Moving this topic from Xavier forum into TLT forum.

@sukyoung.cho
Could you paste one label file here?
More, please paste the full log when you generate tfrecords using tlt-dataset-convert.

Did you resize your images/labels to 960x544?

Yes I rezsized images / labels to 960x544. I have used almost same config file with the config file which i used to train TrafficCamModel (one that I successfully trained and exported).

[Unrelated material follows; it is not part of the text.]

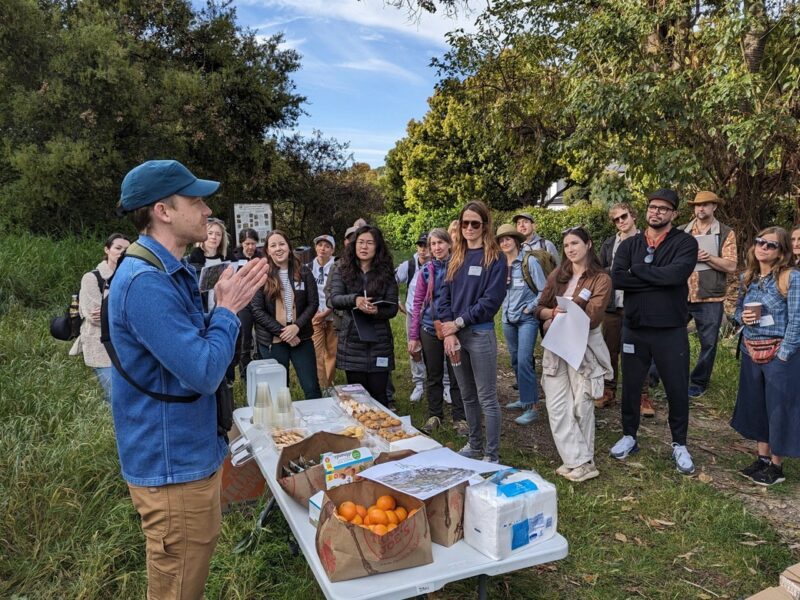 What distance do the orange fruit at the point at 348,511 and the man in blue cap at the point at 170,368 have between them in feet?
1.53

New update is that, I could train mobileNet_v2 using the config file which this guy uploaded (Retraining with pretrained tlt models). I wonder why the mAP after 200 epoch is only about 69%. Even TrafficCamNet resulted in a similar mAP result, which is a way lower than the benchmark you provided and what I have expected. It would be appreciated if you could tell me what could be the possible reason behind low mAP issue.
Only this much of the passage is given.